Fast robot with encoders

• Actuators / output devices: 30:1 HP micro metal gearmotors
• Control method: autonomous
• CPU: Baby Orangutan B-328
• Power source: 4.8V 700Mah NiMH
• Programming language: C (AVR GCC)
• Sensors / input devices: QTR-8RC, Pololu encoders
• Target environment: indoor flat surfaces

I'm building this fast robot for the upcomping LVbots mini-competition, which will include dead-reckoning and looped maze-solving contests.  I'm using:

• Baby Orangutan B-32 (LMR)
• 42mm tires with wheel encoders (LMR)
• 30:1 HP micro metal gearmotors (LMR)
• 6 sensors broken off of a QTR-8RC (LMR)
• 4xAAA battery pack (LMR)
• adjustable boost voltage regulator set to 6 or 7 V (LMR)
• custom laser-cut chassis (LMR)

Total cost, including the custom-cut chassis, would be about $165 from Pololu.

Update: my robot took first place our little dead-reckoning competition, beating a robot with a theoretically much nicer setup (motors with built-in encoders offering 100s of counts per revolution and narrow wheels).  It was able to follow a black line along a complicated, curved path about 8m long, then return to its starting point automatically, missing the point by about 15 cm.  You don't need ultra high resolution encoders for basic navigation - just make sure to calibrate them well!

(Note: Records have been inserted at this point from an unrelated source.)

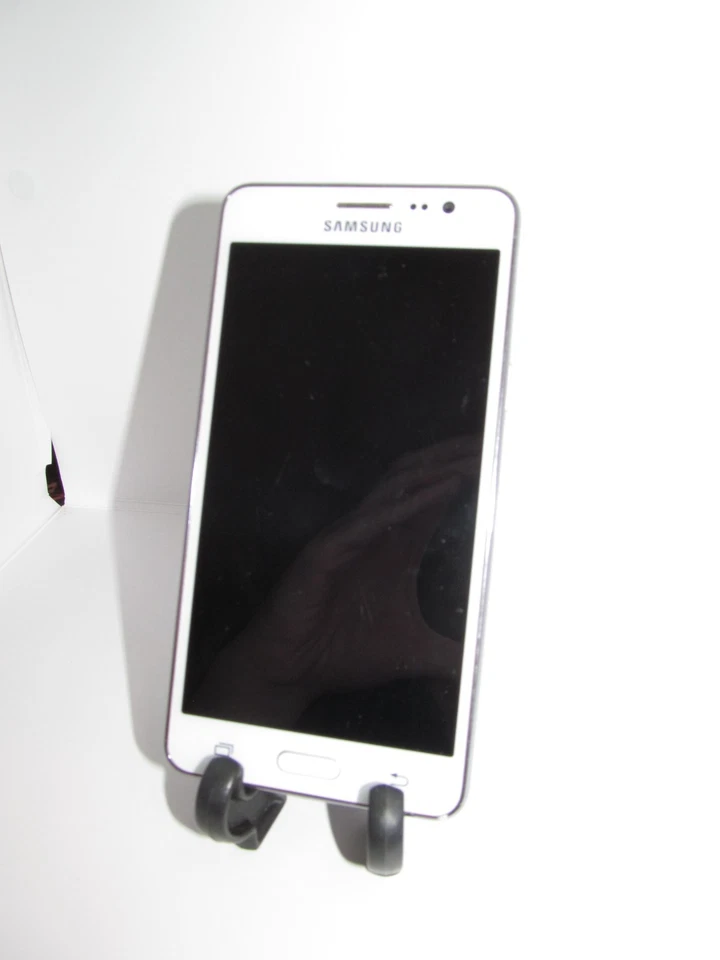 Samsung Galaxy On5 LTE 8 GB White Metro PCS Clean IMEI Needs Battery SM-G550T1 - Image 1 of 4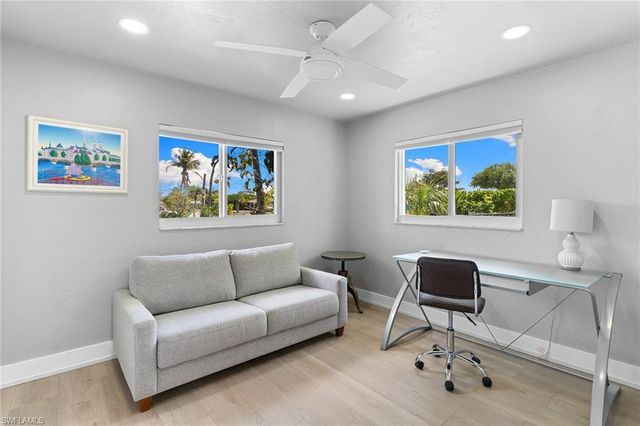 699 99th AVE N, Naples, FL 34108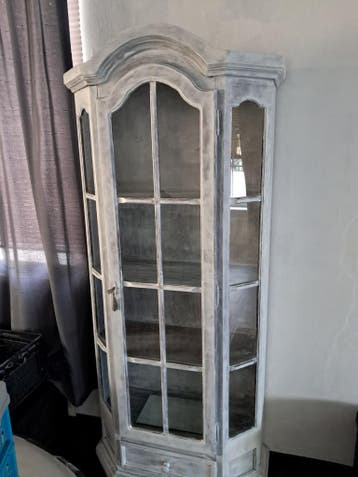Nette vitrinekast white wash.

Here are some pictures of the robot.  On top, the power regulator plugs in to a header on the front of the robot, and that's how I turn it on - power it up and it starts running!  Behind that, the blue board is the baby Orangutan B-328, the brains of the robot.  The B-328 plugs in to female header on the QTR sensor board below, and colored ribbon cable is used to connect everything else.  There's a 3-pin female port on the right side of the B-328 that I use as a serial interface for checking sensors and motors, since the robot has no display or buttons of its own.  The bottom view shows the QTR sensor, ball caster, and the encoders (sandwiched between the motors and the chassis).